- [RECORDED DATA]
■ ■ ■ ■ ■ ■ ■

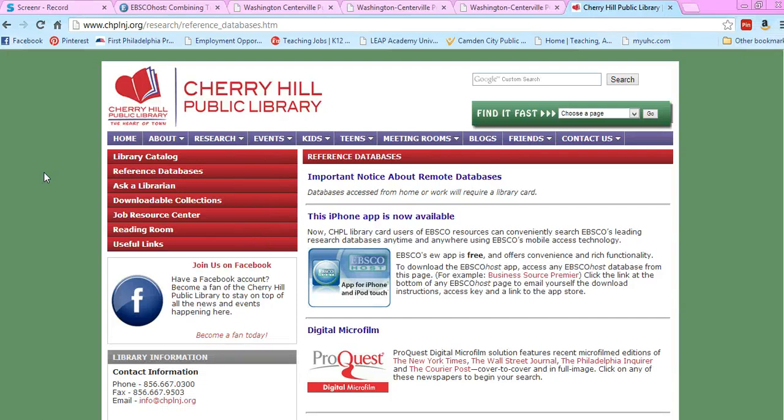That is EBSCOhost for you. I hope you all check it out because it has phenomenal resources—great articles and short stories for your students, as well as articles for yourself. Thanks for watching.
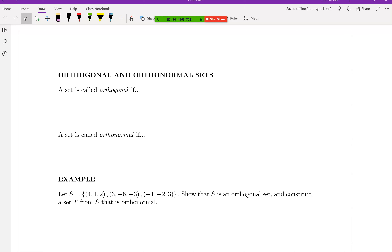I'm actually currently working on a program for the TI-84 that'll do some of these operations with vectors, and hopefully I can get it to do the Gram-Schmidt process, at least for Euclidean vectors, where you can check your answers a little bit more quickly. I do have it working where it'll actually do the inner product, calculate the magnitude, and calculate the angle between two vectors. I did that last night — that was kind of fun.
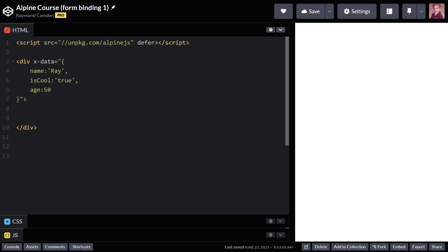In the last video, I talked about binding, specifically how to take an attribute of some DOM item and associate it with Alpine data, essentially creating a link from your DOM to your Alpine data.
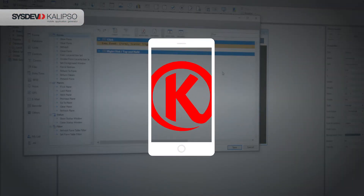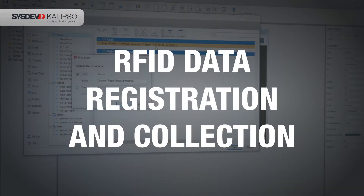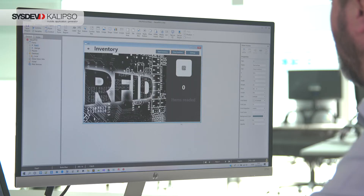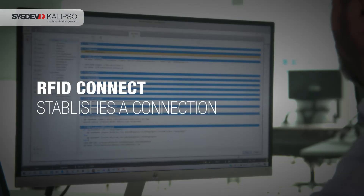You can now develop an app to register RFID data collected by the antenna, using specific actions from Calypso Studio Version 5, such as RFID Connect, to establish a connection between device and antenna.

■ ■ ■ ■ ■ ■ ■

- [WHAT IS EXPECTED] Everything from the line with "In the last" through the end of the listing above, both ends included, should be set down exactly; copy nothing else, and skip the pictures.

- [ANSWER TO THIS EXERCISE]
In the last video, I talked about binding, specifically how to take an attribute of some DOM item and associate it with Alpine data, essentially creating a link from your DOM to your Alpine data.
You can now develop an app to register RFID data collected by the antenna, using specific actions from Calypso Studio Version 5, such as RFID Connect, to establish a connection between device and antenna.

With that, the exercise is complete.